Aloof and almost rude, she struggles to make emotional connections with most people. Through a chance encounter, Josee stumbles upon a younger twenty-two year old, named Tsuneo Suzukawa. He is the representation of hopes, dreams, and youth. Filled with a love for the sea and diving, he wishes to go to Mexico to study abroad and swim in wider seas. 

Josee’s overprotective grandmother hires Tsuneo as a caretaker for Josee, and the two start to build a relationship. Slowly, the two realize they have feelings for each other. 

Tragedy strikes, however, and Tsuneo’s and Josee’s roles are reversed. Tsuneo suffers a car accident, and falls into a depression, giving up on his dreams after being informed that he too, will end up unable to run fast or swim far. 

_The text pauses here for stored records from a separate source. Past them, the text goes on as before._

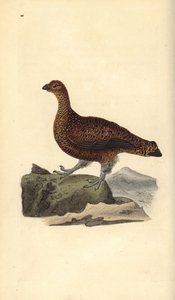 Vörös fajd (nőstény), Lagopus scotica. Kézi színű rézlemez, amelyet Edward Donovan rajzolt és metszett a saját Londoni „British Birds természettörténetéből” alkotó: Edward Donovan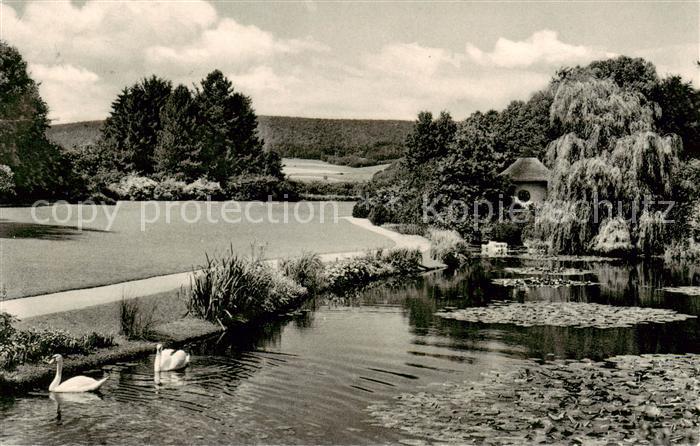 Bad Pyrmont Malerwinkel Schwanenteich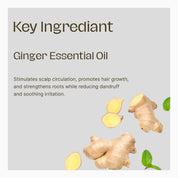 Hair Loss Control Shampoo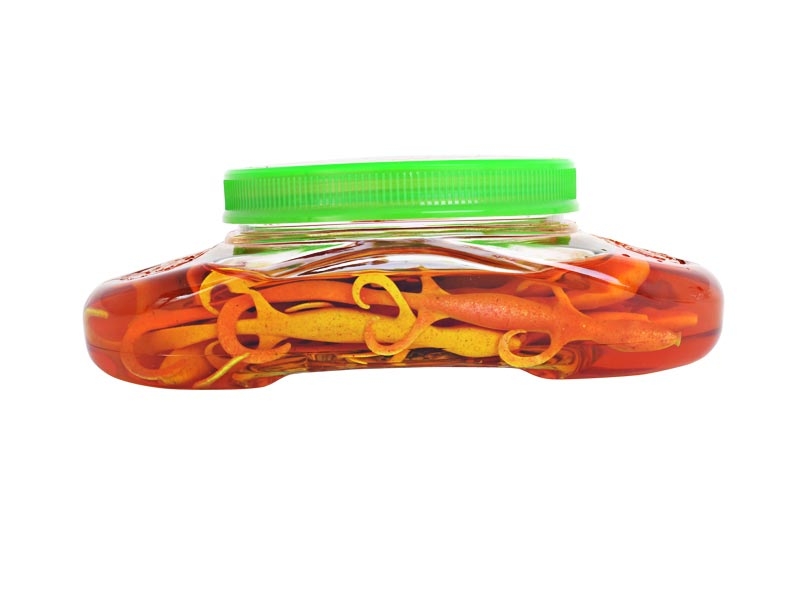 Berkley Gulp Alive Lizard Soft Bait Tub 16cm Curried Chicken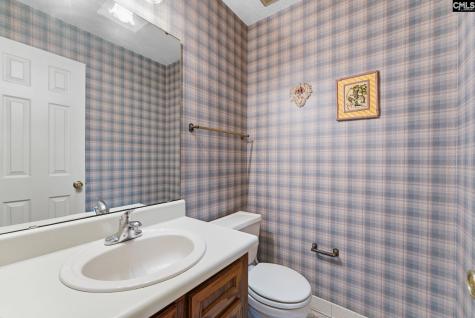 225 Copper Lane Lexington SC 29072-8095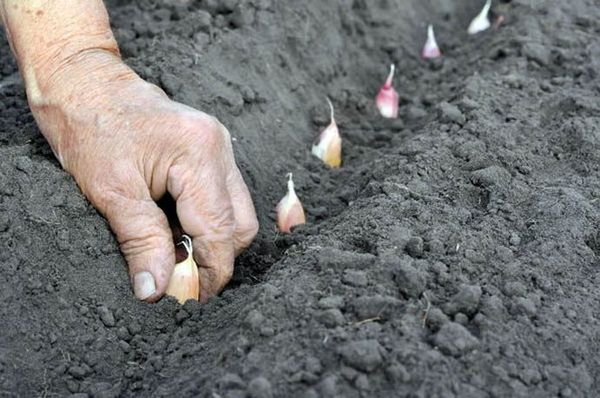 L'aglio invernale è piantato a fine settembre-inizio ottobre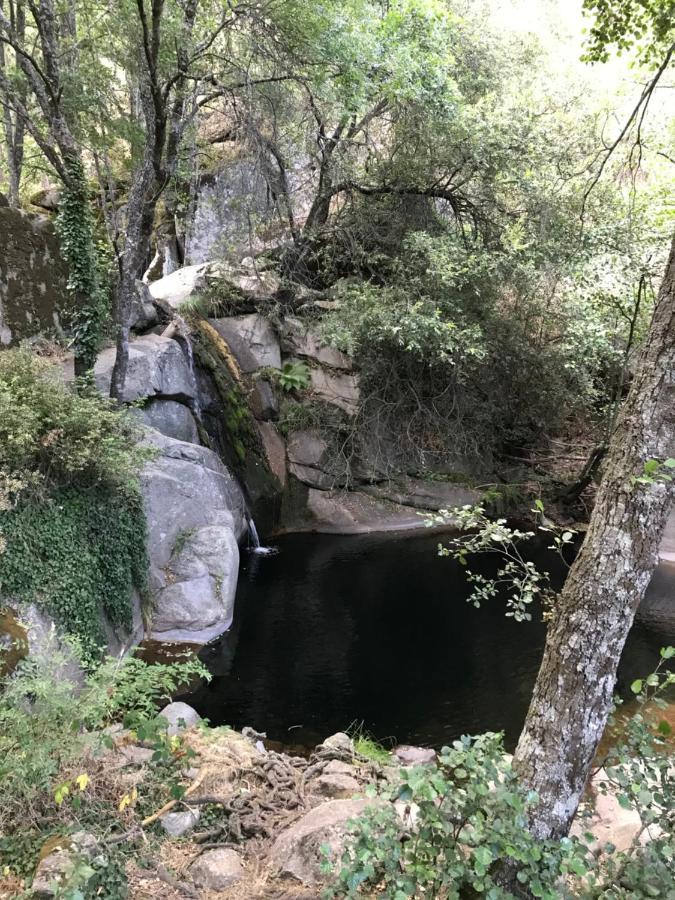 Posada Rural La Resinera La Adrada Εξωτερικό φωτογραφία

Josee writes a picture book for Tsuneo and reads it to him at one of the most emotional moments in the film. Inspired by Josee, Tsuneo overcomes his doubt and sets off for Mexico nevertheless, and comes back at the end of the movie to profess his love for Josee. 

Emotion over Rationale; Realism over Romanticism

Story and thematic message are not necessarily the movie’s strong suits, but its emotion makes up for the solid but not spectacular storyline. The most profound moments aren’t the climactic scenes, but the emotional and aesthetic ones. 

In particular, a scene where Tsuneo picks Josee up at a beach she had always wanted to go to under a setting sun, and a scene where Josee reads a children’s book she wrote herself to a wheelchair-bound Tsuneo tug at the heartstrings quite delicately. 

Josee cries tears of happiness as Tsuneo picks her up under a beautiful sky in front of the ocean. (Kevin Zhu)

However, realism is the best quality of the film. No character is perfect, no character stays true to themselves the entire time. Josee is an apathetic and cynical character at the beginning of the movie, yet her self-given name is named after one of the most romantic characters to exist in literature; Tsuneo’s head is filled with dreams until it isn’t. The flat, one-dimensional characters overused in everyday media are completely overturned.

Josee, The Tiger, and The Fish presents a touching truth: the world is filled with tigers, but also with beautiful schools of fish.